In your copy, set down the entries exactly and exclude the pictures.

[Opening Available data section]

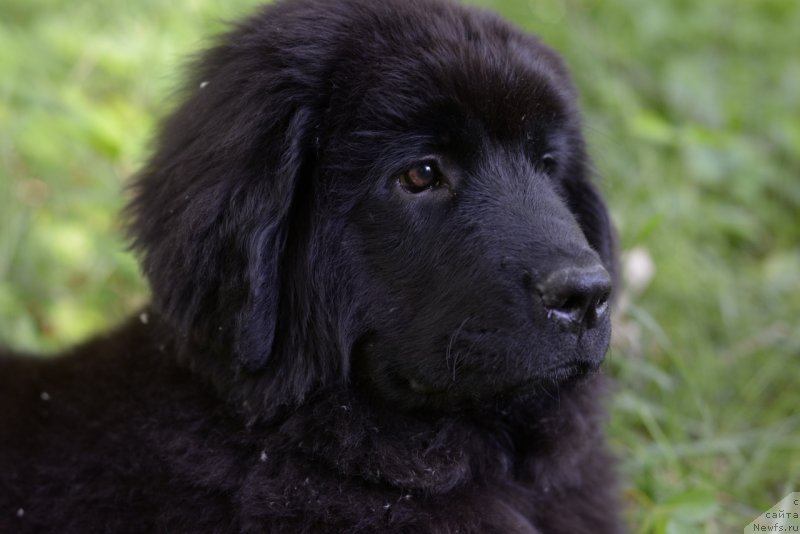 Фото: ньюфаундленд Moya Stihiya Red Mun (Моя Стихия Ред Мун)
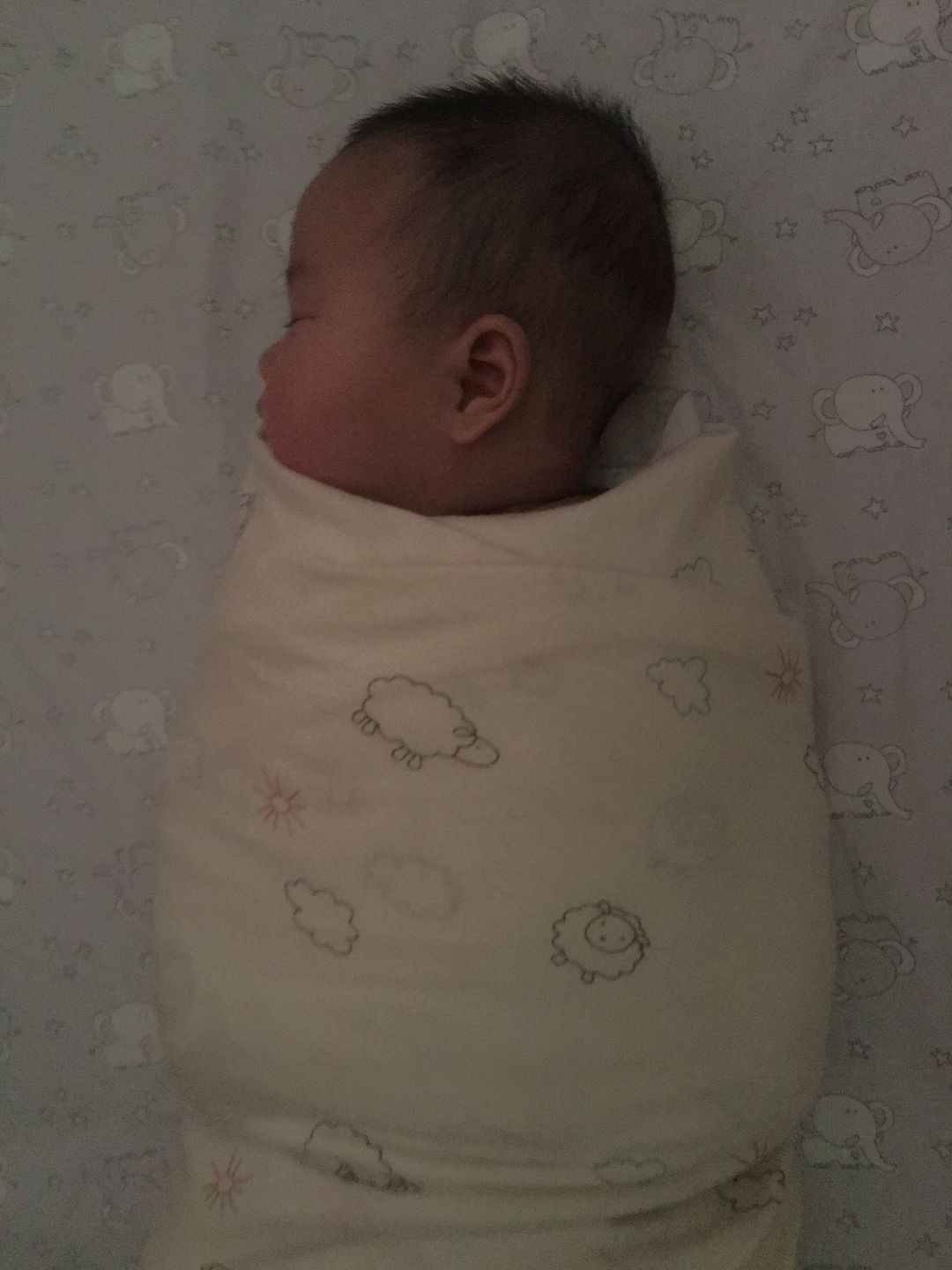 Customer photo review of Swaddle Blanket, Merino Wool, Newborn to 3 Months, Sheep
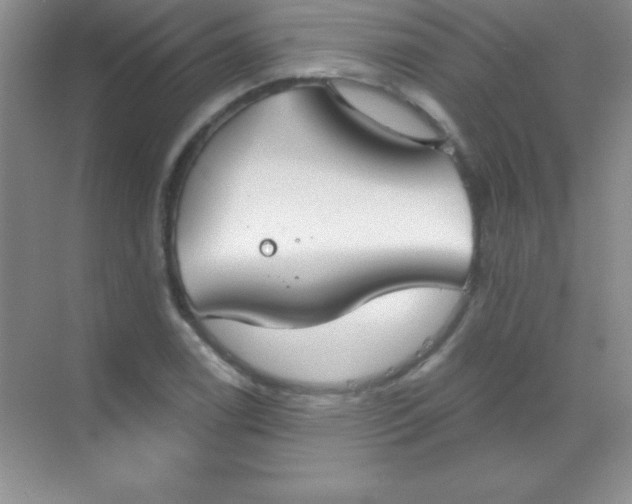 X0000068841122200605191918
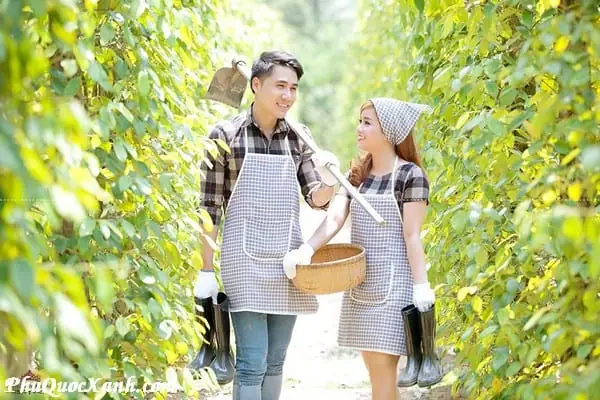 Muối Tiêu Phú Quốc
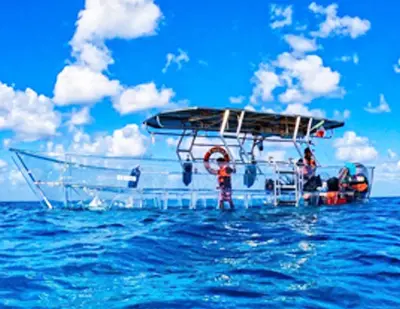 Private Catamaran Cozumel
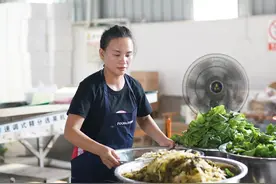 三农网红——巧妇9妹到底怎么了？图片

[Closing Available data section]

Final answer —
 Фото: ньюфаундленд Moya Stihiya Red Mun (Моя Стихия Ред Мун)
 Customer photo review of Swaddle Blanket, Merino Wool, Newborn to 3 Months, Sheep
 X0000068841122200605191918
 Muối Tiêu Phú Quốc
 Private Catamaran Cozumel
 三农网红——巧妇9妹到底怎么了？图片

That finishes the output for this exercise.